In this Torah portion we learn of the sanctity of a Jew's portion of land in Israel and the obligation of the landowner to leave the produce in the corners of his field (and what was forgotten or dropped) for the poor. The landowner is not giving anything up. The produce that he leaves for the poor does not belong to him, in the first place. If he does not leave it in the manner specified in the Torah, he has robbed the poor of what was rightfully theirs. This can be misunderstood as a socialistic approach to economics.
On the other hand, the Torah is acutely capitalistic about property. Even if a person sold his field to others, it must be returned to its original owner in the Jubilee year. A Jew's land (in the Land of Israel, of course) is not real estate. It is sanctified unto him and if necessary, must be redeemed. But the landowner is not allowed to do business with his sanctified property as he pleases.

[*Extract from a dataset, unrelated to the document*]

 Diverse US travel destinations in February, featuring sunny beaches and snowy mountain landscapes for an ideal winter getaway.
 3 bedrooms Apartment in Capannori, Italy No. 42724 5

In essence, the landowner is leasing the property from G-d according to G-d's rules.
This is how the Torah maintains the balance between capitalistic liberty and the concern for human well-being professed by socialism: The liberty of private ownership and the exclusive rights of the individual over his life and property on one hand, and the servitude to G-d and not to a person or system that will forcibly reallocate property to others, on the other.

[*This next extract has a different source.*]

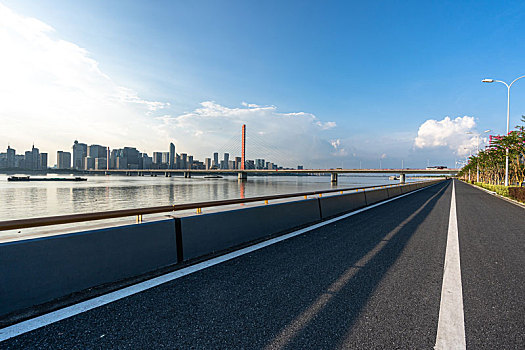 高速公路,城市天际线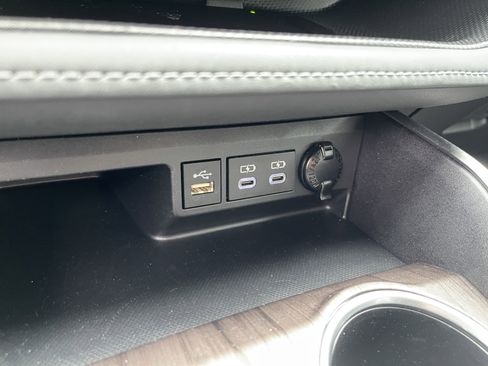 Used 2024 Toyota Highlander Platinum image 31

How do we translate these ideas to our times? Liberty from servitude is G-d's will but the only way to acquire it is to accept G-d's mastery over all.
Secondly, BeHar is the portion for this week in Israel. Outside Israel we are one week behind and will read BeHar (combined with BeChoqqotay) next week, concluding the Book of Leviticus.

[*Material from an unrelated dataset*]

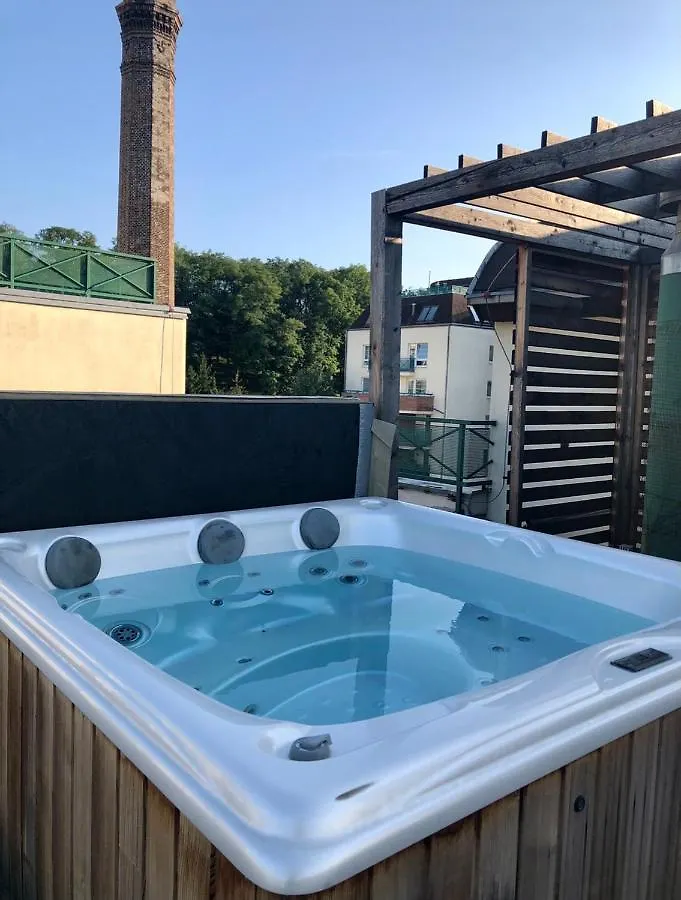 Romantic Studio With Jacuzzi Prague Apartment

And most importantly: Protestantism has capitalism, Catholicism/Orthodoxy have pre-capitalist communitarianism of various kinds, but Torah is unique. Here Moshe Feiglin discusses the Torah economic system for Jews in 'Eretz Yisra'el--an economic system unlike any other because it is from the mouth of G-d.
Thanks for the post.
Hope all is well with You and Yours.
Happy La’G Ba’Omer!
Thanks for the ping.
The Torah spells out a Jew’s obligation to God but the government is not God. Therefore, none of the obligations mentioned in the Torah can be interpreted as obligations to the government.
You seem to be misunderstanding the whole nature of the article. Moshe Feiglin is speaking of Jewish Theocracy as it existed in its fullness in Biblical times and will exist again. He is not talking about non-Jews or Jews outside Israel and their relationship with secular, non-Jewish governments.
The ancient Jewish Torah government is the one and only true Theocracy in all history. It came from the Mouth of G-d and does not mesh entirely with any purely human system. But it is Divine in origin and Torah regulates not only "religion" but every aspect of life. The Torah isn't just about priests and animal sacrifices but about economics, agriculture, the treatment of slaves and animals, business practices, testifying in courts, etc. The ancient Jewish government had a "separation of powers" in the sense that there was a King, a Sanhedrion, and a Priesthood, but the exact same Divine Torah regulated and governed all three. Nothing was "secular." Because nothing is "secular."
"Render unto Caesar" is not in the Torah. The fact that it's in the holy book of the religion that has dominated western civilization for the past 1700 years or so is one reason we're in the mess we're in today.